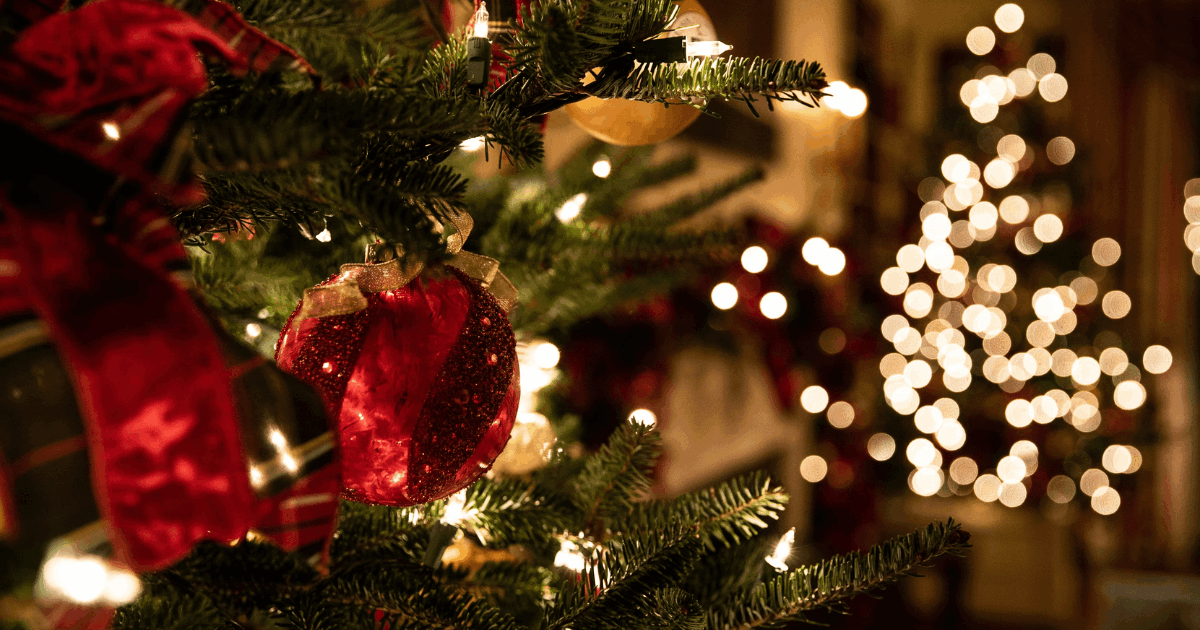 Decoraciones arbol de navidad tendencia 2023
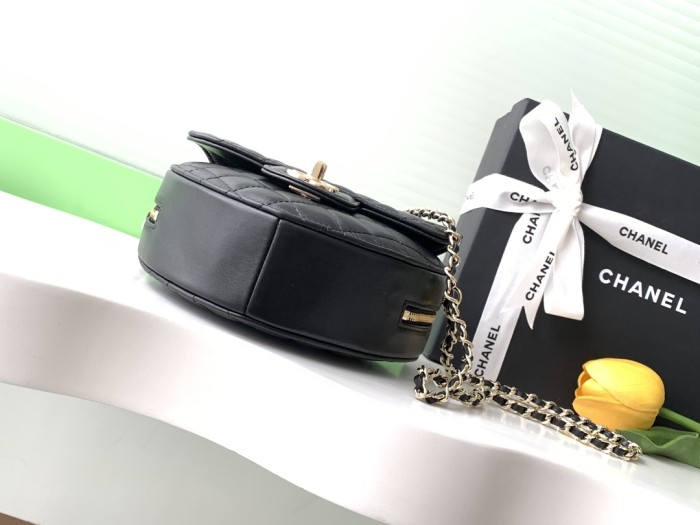 22C Heart Bag in Lambskin “18x16.5x6.5cm” -006 =AS3191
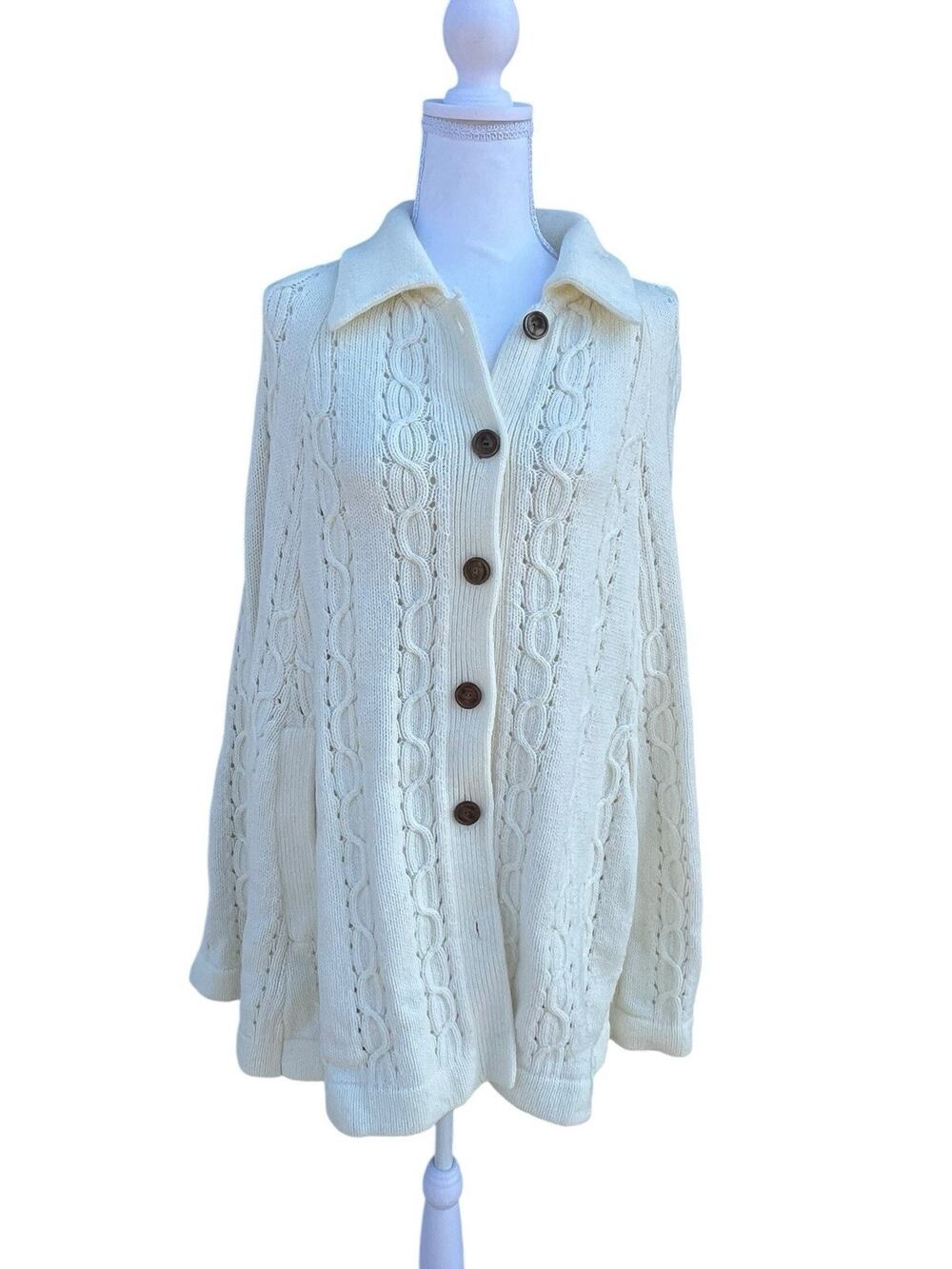 Vintage Broadway 60s 70s Hippie Cable Knit Grannnycore Ivory Sweater Cape Poncho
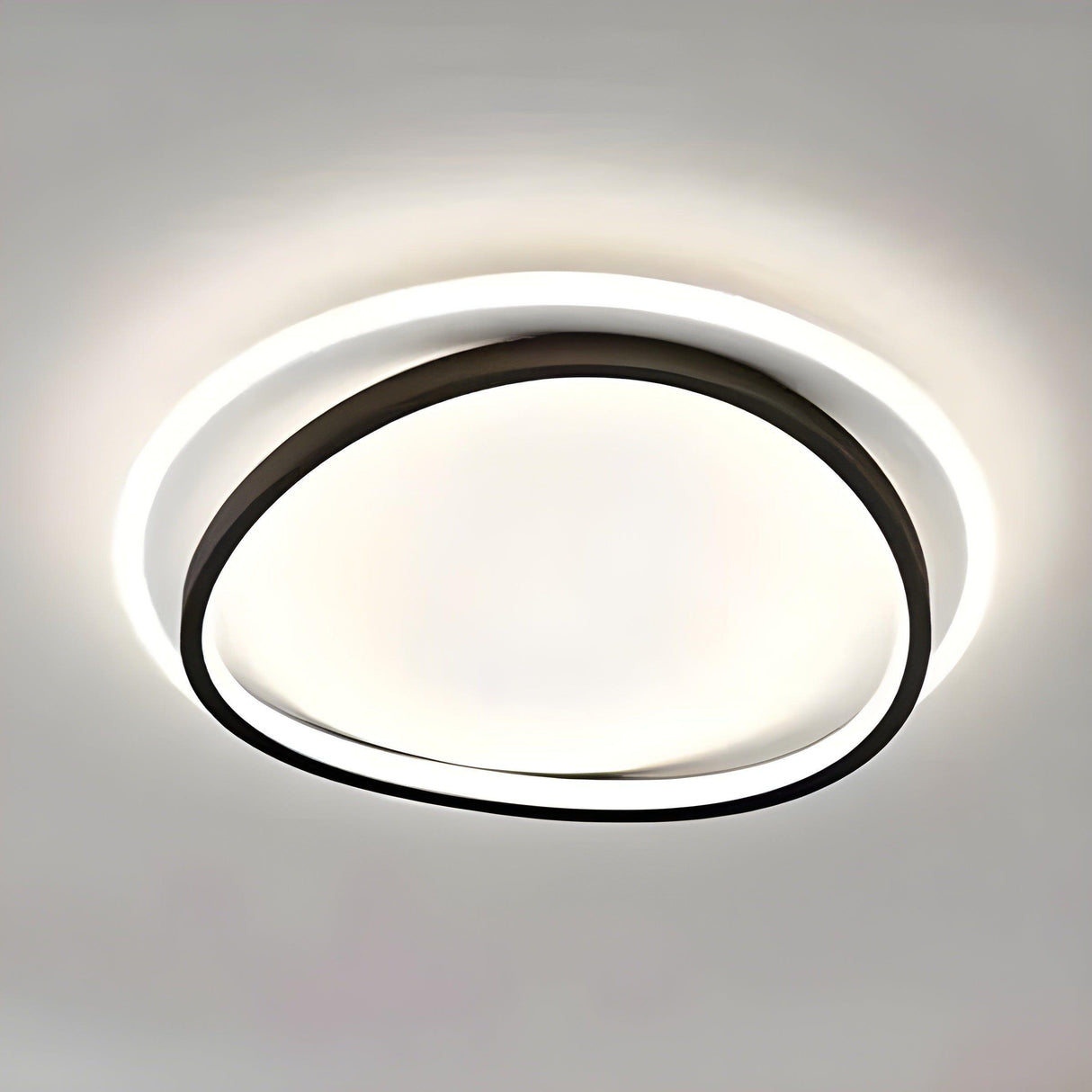 GlossAura Light - Modern LED-taklampa Carvallo
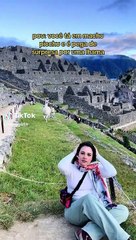 Llamas interrumpen fotografía de turista brasileña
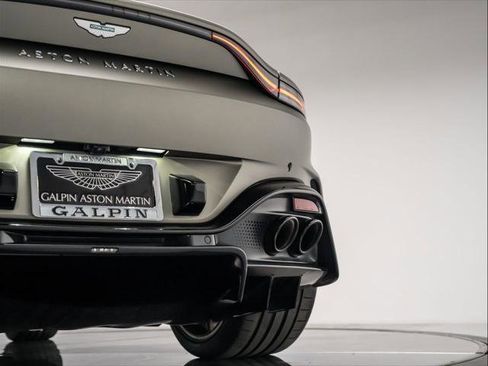 Used 2025 Aston Martin V8 Vantage Coupe image 34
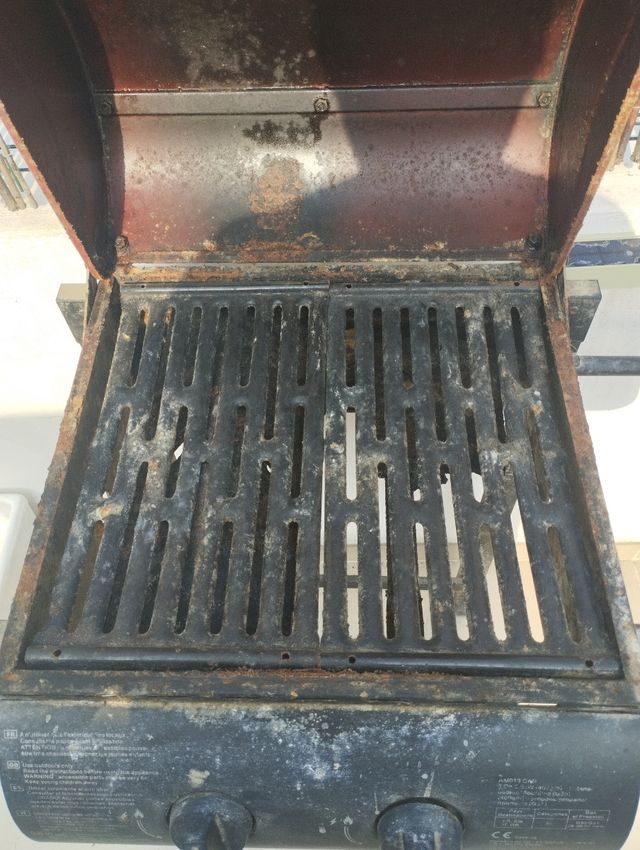 Barbacoa gas roja - usada funciona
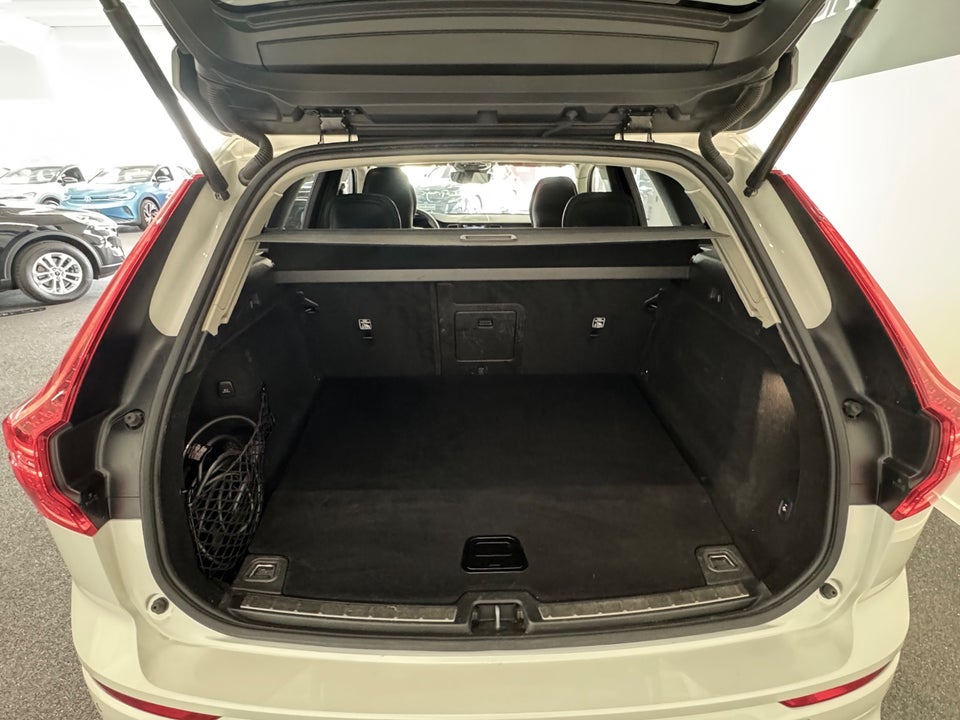 Volvo XC60 2,0 T8 ReCharge Plus Dark aut. AWD 5d
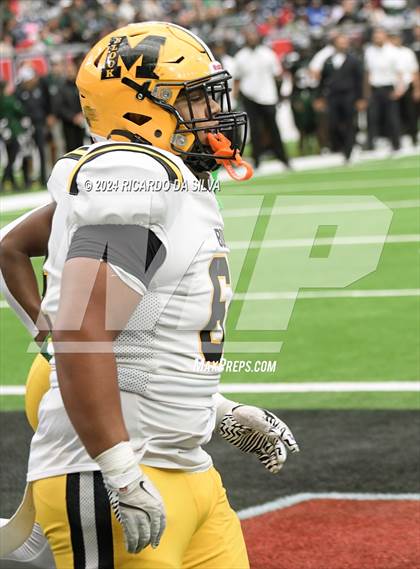 Thumbnail 2 in Fort Bend Marshall vs. Iowa Colony (UIL 5A Football Division II Semi-Regional) photogallery.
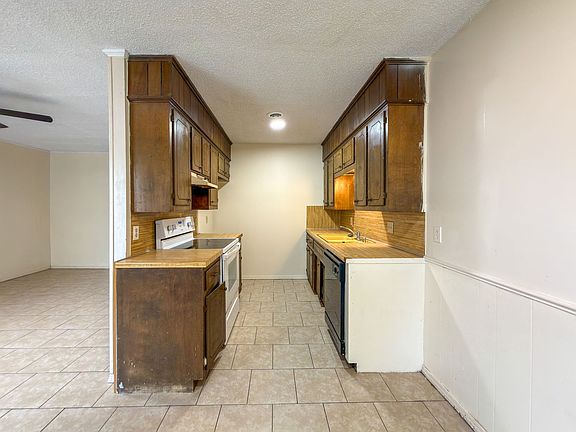 3rd image of 414 N 39th St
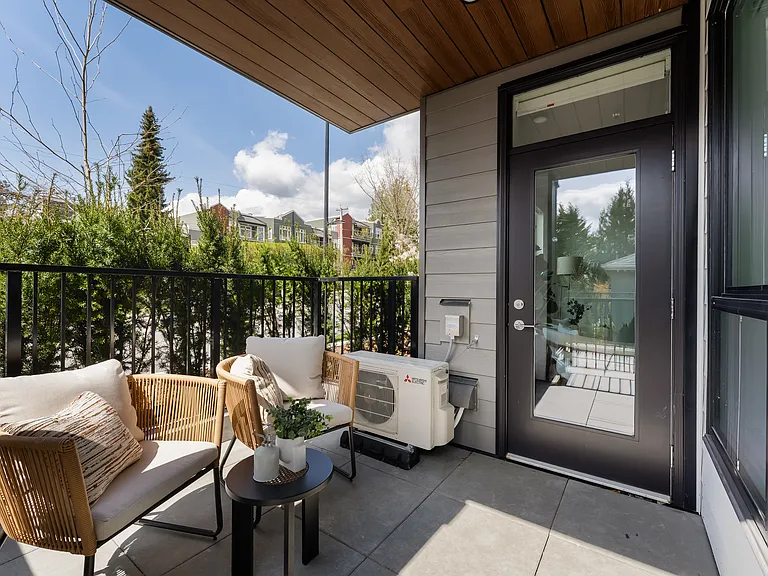 2762 Lonsdale Ave — Photo 43
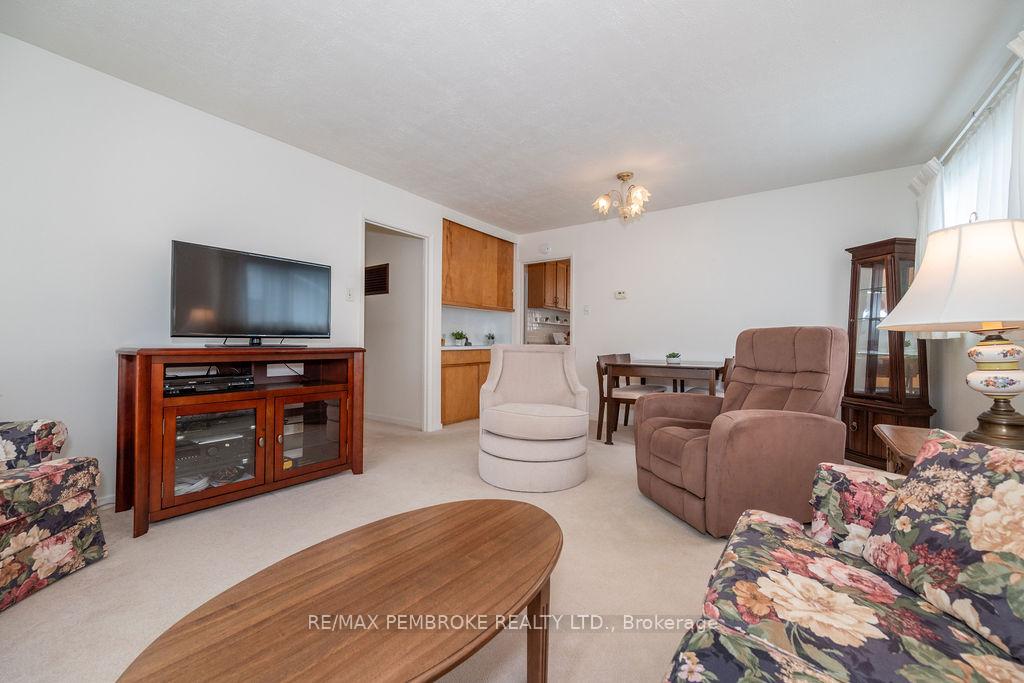Photo 22 of 92 Glendale Avenue, Deep River — HOMEH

**********

Transcribe, please, the lines from the one holding "Thumbnail 2 in" to the final line of the material, both included, exactly and with no extra lines, and skip the pictures.

### Written answer
 Thumbnail 2 in Fort Bend Marshall vs. Iowa Colony (UIL 5A Football Division II Semi-Regional) photogallery.
 3rd image of 414 N 39th St
 2762 Lonsdale Ave — Photo 43
Photo 22 of 92 Glendale Avenue, Deep River — HOMEH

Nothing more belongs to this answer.